By now, most of us have heard about how oil and gas drilling does a number on ecosystems. But it's no good for people, either. By way of the British Columbia online magazine the Tyee comes the story of Nuiqsut, a coastal community of 523 people in northern Alaska, about 100 miles west of the Arctic National Wildlife Refuge.
Back in the late '90s, the oil and gas companies wooed the local Inupiat tribe with promises of jobs and minimal environmental impact—just 14 acres of tribal land would be affected by offshore and land drilling, they said. But now, 14 looks more like 500, and the community is a whole lot worse for the wear, says Rosemary Ahtuangaruak, mayor of Nuiqsut and also a health-care worker:
Since 1986, when she first started working in the health field, the number of people needing medical help to breathe has risen dramatically.
Nuiqsut is 15 metres above sea level on the tundra, and Ahtuangaruak says she can see the natural gas flares from the clinic. The nights when they light up the sky are the same nights she, and other medical staff, can't leave the clinic for helping people with inhalers, nebulizers, steroids and antibiotics.

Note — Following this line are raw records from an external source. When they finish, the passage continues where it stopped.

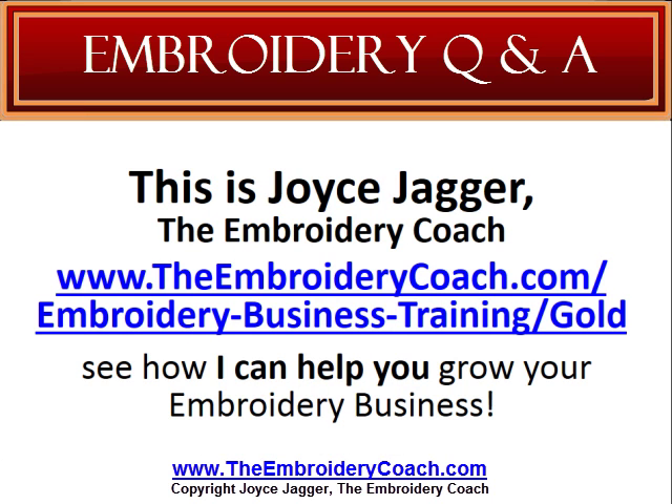This is Joyce Jagger, the Embroidery Coach. I would like to invite you to go to TheEmbroideryCoach.com/embroidery-business-training/gold and see how I can help you grow your embroidery business. Make sure you check back again for another great question and answer that may help you in your embroidery business. Thank you.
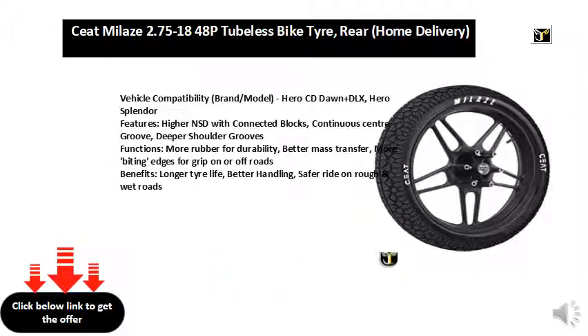Hero Splendor features: higher NSD with connected blocks, continuous center groove, deeper shoulder grooves, more rubber for durability, better mass transfer, and more biting edges for grip on or off roads.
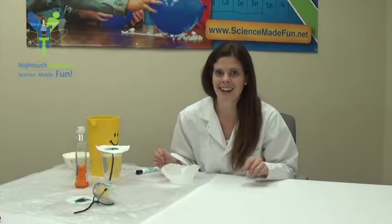Hi, this is Asteroid Amber from High Touch High Tech, and today we're going to be making some really cool chromatography flowers.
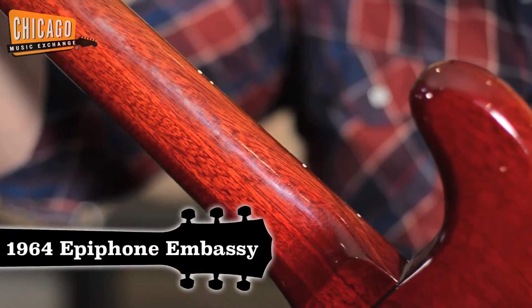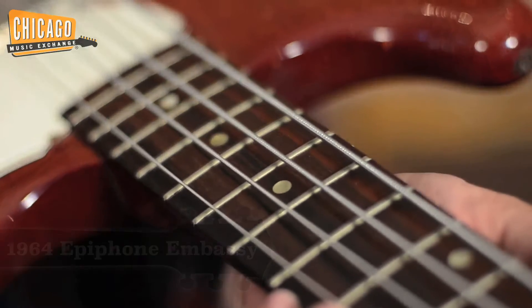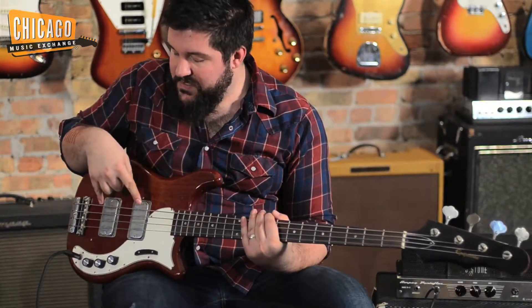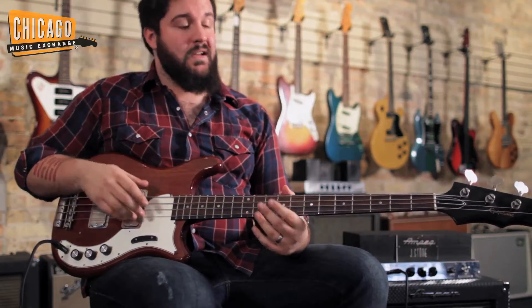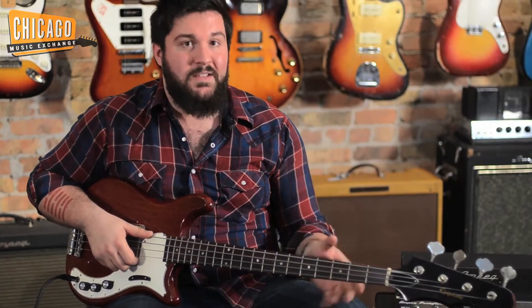One piece mahogany body, Brazilian rosewood fingerboard. Now, there are a few modifications — there was a strap button that was added, and we're also missing the bridge plate and the pickup plate, but everything else is 100% original on this. I'm really, really excited to hear it through this Ampeg SB12.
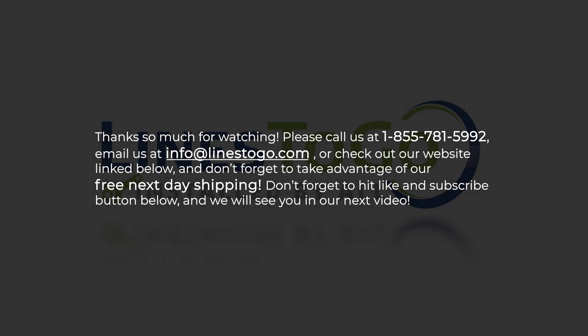Thanks so much for watching. Please call us at 1-855-781-5992, email us at info@linestogo.com, or check out our website linked below. Don't forget to take advantage of our free next day shipping, and don't forget to hit the like and subscribe button below. We will see you in our next video.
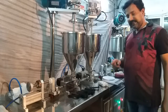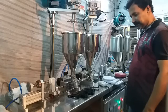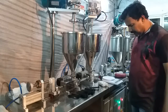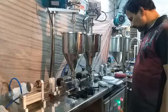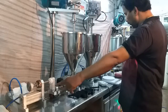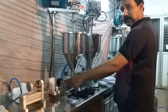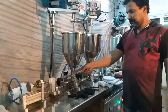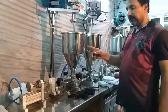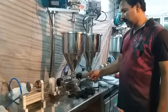The machine works on an electro-pneumatic system. That means the machine consumes electricity for operating the timer, stirrer motor, and solenoid valve. Pneumatic cylinders are used for the filling piston movement. There are independent semi-rotary valves to control the flow of product from hopper to the barrel, and from barrel to the nozzle.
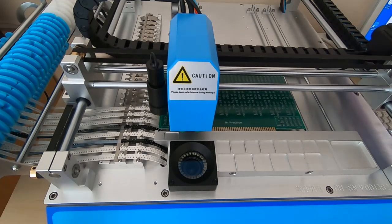I'll get the machine started, fast forward through the main part of the pick and place, and then we'll have a look at the board at the end before putting it through the reflow oven.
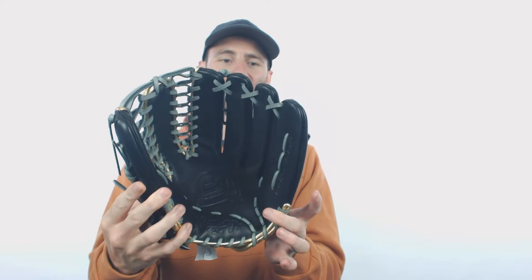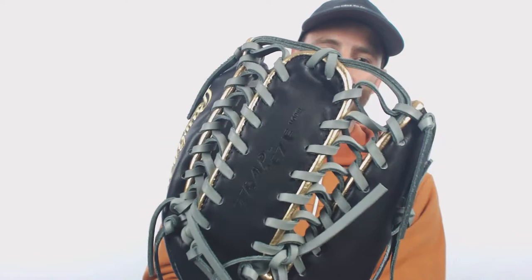Hey there, it's Ben from Just Gloves. I got the Rawlings Pro Preferred 12 and 3 quarter inch Mike Trout baseball glove. Look at this thing — it is awesome. We are going to have the black design with the gray lacing and then the gold piping. I think the gold piping says it all. We're dealing with Mike Trout here.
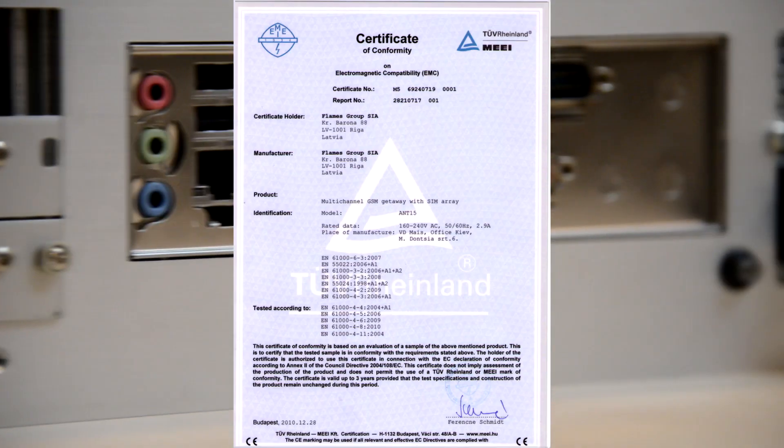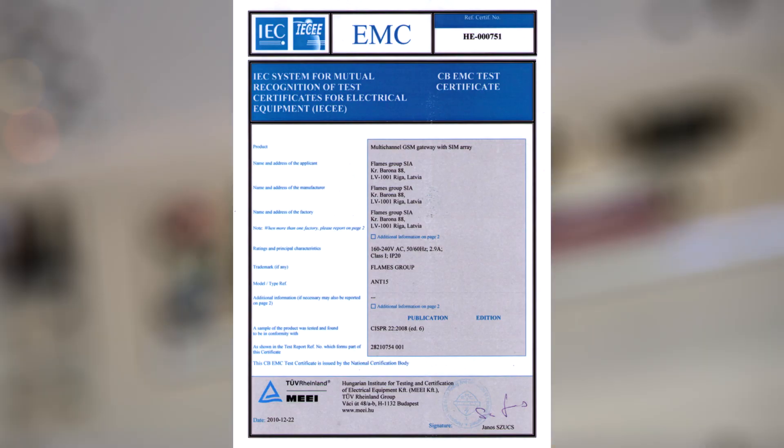The Android system has the following certificates. All equipment is manufactured in the European Union and has a 2-year guarantee.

The chemicals used in oil and gas extraction, it seems, can irritate the lungs and cause a bunch of other nasty health problems, too.
The other thing about drilling: It's really noisy. Booms as loud as a jet takeoff have scared Nuiqsut's whales and caribou off, so along with their health, local people are losing their livelihood.
The Canadian government is currently trying to ignore an offshore-drilling moratorium enacted 34 years ago. What can coastal communities expect if officials succeed in wishing away the moratorium? Nuiqsut's hard times are probably a pretty good indication.